11:41 am on Nov 28, 2003 (gmt 0)

10+ Year Member



I have done some analysis on keywords most affected and least affected by the Florida filter.

For the worst affected keywords I took a sample of 425 keyphrases where the filter has removed between 95 and 83 of the top 100 pages in the SERPS. These statistics are available on a well known site that allows you to test the effect of the filter. (I ignored keyphrases where more than 95 out of the top 100 pages have been removed because I thought there might be more than one filter coming into play for them.)

For the least affected keywords I took a sample of 235 keyphrases where only between 0 and 3 pages have been removed from the top 100 pages in the results.

I put these keywords through the Adwords traffic estimator and looked at the estimated traffic, average cost per click for top Adwords position and estimated cost per day for that traffic (for one ad).

I removed keyphrases that were generating no measurable traffic as that would have included spurious results in the least affected keyphrases.

The results are (costs in British Pounds):

Worst affected keywords:

    Average Cost per Click: £2.58
    Estimated Cost per Day: £34.13

Least affected keywords:

    Average Cost per Click: £0.99
    Estimated Cost per Day: £5.04

i.e.
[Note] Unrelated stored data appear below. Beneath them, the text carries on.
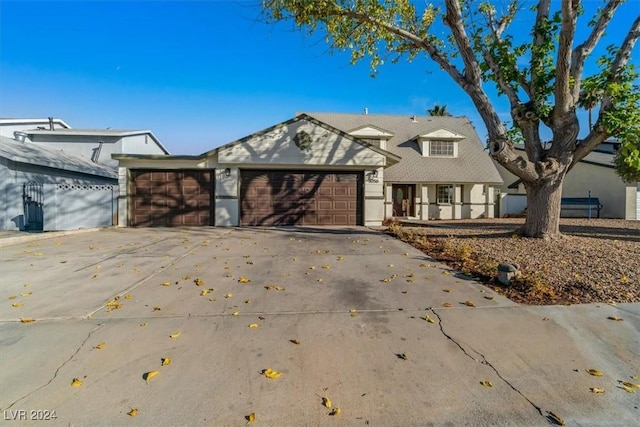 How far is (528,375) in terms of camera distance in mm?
2676

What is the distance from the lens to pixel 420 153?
19.3 metres

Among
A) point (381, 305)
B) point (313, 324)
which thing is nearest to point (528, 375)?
point (381, 305)

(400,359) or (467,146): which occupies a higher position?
(467,146)

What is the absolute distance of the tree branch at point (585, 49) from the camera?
709 centimetres

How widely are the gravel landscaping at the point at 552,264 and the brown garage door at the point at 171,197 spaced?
862 cm

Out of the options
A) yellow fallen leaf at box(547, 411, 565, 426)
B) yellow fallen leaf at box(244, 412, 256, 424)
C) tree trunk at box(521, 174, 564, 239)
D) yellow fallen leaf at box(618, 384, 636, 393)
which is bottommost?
yellow fallen leaf at box(547, 411, 565, 426)

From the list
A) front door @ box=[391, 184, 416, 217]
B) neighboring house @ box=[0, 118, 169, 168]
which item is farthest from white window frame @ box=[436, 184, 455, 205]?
neighboring house @ box=[0, 118, 169, 168]

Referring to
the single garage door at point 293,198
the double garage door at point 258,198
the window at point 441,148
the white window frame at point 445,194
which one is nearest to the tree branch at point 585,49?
the double garage door at point 258,198

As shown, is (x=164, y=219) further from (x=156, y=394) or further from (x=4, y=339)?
(x=156, y=394)

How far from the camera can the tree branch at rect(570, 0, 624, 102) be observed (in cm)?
709

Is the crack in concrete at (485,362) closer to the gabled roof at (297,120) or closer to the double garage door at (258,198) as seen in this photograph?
the double garage door at (258,198)

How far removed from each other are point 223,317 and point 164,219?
10656mm

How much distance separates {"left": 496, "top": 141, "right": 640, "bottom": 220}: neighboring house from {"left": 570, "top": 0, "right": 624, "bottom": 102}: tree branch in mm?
12676

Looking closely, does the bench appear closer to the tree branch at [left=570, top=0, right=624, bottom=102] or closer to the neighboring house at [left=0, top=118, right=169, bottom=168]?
the tree branch at [left=570, top=0, right=624, bottom=102] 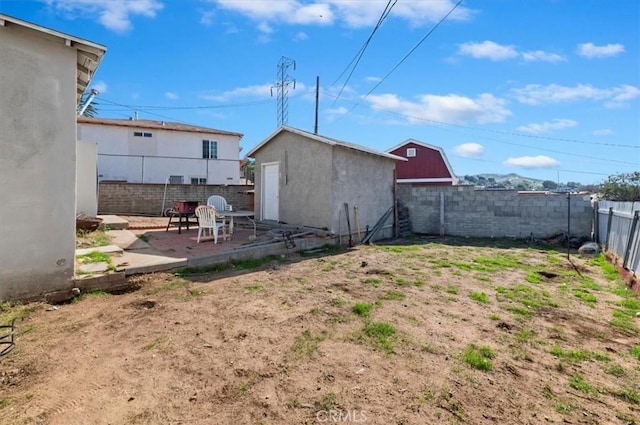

On average the keywords in this sample that are worst affected are likely to generate 6 or 7 times as as much Adwords revenue as those least affected. (Or more, as there are likely to be more advertisers for those keywords)

Conclusion:
It is too early to leap to conclusions.

Demonstrating a correlation is not the same as demonstrating cause and effect. Google may be selecting the keywords for the filter by some entirely different method that just happens to have a correlation with Adwords revenue.

We must not muddle cause and effect. The higher Adwords traffic and bidding for the worst affected keywords may be an effect of the filter and not the cause, as users can only find what they want in Adwords, and advertisers may be bidding more because they can't get traffic from the SERPS. If this is the case, then the increased Adwords revenue may be an unintended side effect, but Google is still laying itself open to justified criticism.

My samples may be flawed.

The filter may be triggered by part of the keyphrase, but Adwords estimates are for the whole keyphrase, so I might not be comparing like with like.

Help

We need more statistics, but I do not have the time. Has anyone else done any analysis? Can anyone else analyse a larger sample?

Has anyone measured user (searcher) satisfaction with the new Google SERPS? Has anyone been out and interviewed 100 people in the street? Have you polled you colleagues at work? There must be lots of members with colleagues who know nothing about SEO or even that Google has changed - Have they noticed any difference in their searches?